IBM cannot ditch a former employee’s arbitration demand for age discrimination claims even though he missed the arbitration agreement’s stated deadline, the U.S. District Court for the District of Massachusetts ruled Sept. 30. 

The plaintiff in Rumsey v. International Business Machines Corp. was 52 years old when he was terminated via a group layoff in March 2016. At the time, he was presented with, and signed, a separation agreement with an attachment that required him to waive all claims against the company, except for Age Discrimination in Employment Act claims, which were to be handled via arbitration. In exchange, he received a severance of one month’s salary and three months of continued health and life insurance benefits. 

The arbitration agreement also required the employee to file his arbitration demand according to the same deadline such a claim would need to be brought before a government agency — 300 days from the incident, in this case.

The worker filed a U.S. Equal Employment Opportunity Commission charge of age bias 89 days after his termination. The agency — after four years spent considering his charge, along with 61 other age claims against IBM — determined IBM likely did engage in age discrimination and issued a notice of right to sue in August 2021 to workers unable to reach an agreement with IBM through EEOC’s conciliation process. 

The worker filed an arbitration demand in November 2021, but IBM declared the demand untimely, arguing he should have filed 300 days after his termination.

No valid agreement

The court considered the validity of the timeliness provision, whether such a provision was “unconscionable,” and whether the agreement could be considered valid. 

The ADEA’s statute of limitations and the arbitration agreement’s deadline were “clearly in direct conflict,” the court found, given the ADEA has two deadlines: 300 days to file a charge with EEOC and 90 days following EEOC’s notice of right to sue. 

Further, the court found this statute of limitations is substantive — an integral part of the law — rather than procedural, making it impossible to waive. While it noted disagreement across the circuit courts on this issue, it pointed to precedent suggesting the 1st Circuit, where Massachusetts is located, has indicated it would consider the statute of limitations substantive. 

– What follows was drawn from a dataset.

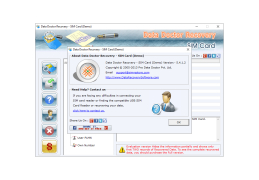 Data Doctor Recovery - SIM Card - about-application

While IBM argued these arguments fail because the plaintiff signed the arbitration agreement, the court found that the ADEA’s limitations provision does not only apply to civil actions in court. 

“It appears from the changes to the ADEA’s statute of limitations, the ADEA’s amendments, and the vigorous legislative history, Congress … did not intend for the ADEA’s limitations to be waived by contract,” the court said.

A history of age claims

Former employees, agencies and reports have spotlighted IBM for alleged age discrimination for years, making this claim one among many.

In 2018, ProPublica and Mother Jones published an in-depth report highlighting an alleged pattern of cutting older employees and replacing them with younger, less expensive workers. The report identified the movement of age claims to arbitration as a strategy for avoiding ADEA requirements.

More recently, an age discrimination lawsuit against the company included incriminating emails in which an executive allegedly said he wanted to “accelerate change by inviting the ‘dinobabies’ (new species) to leave” and make them an “extinct species.” Another executive allegedly lamented the low number of millennials at the company and said IBM needed to “hire early professionals.” 

IBM eventually settled that case, court documents show.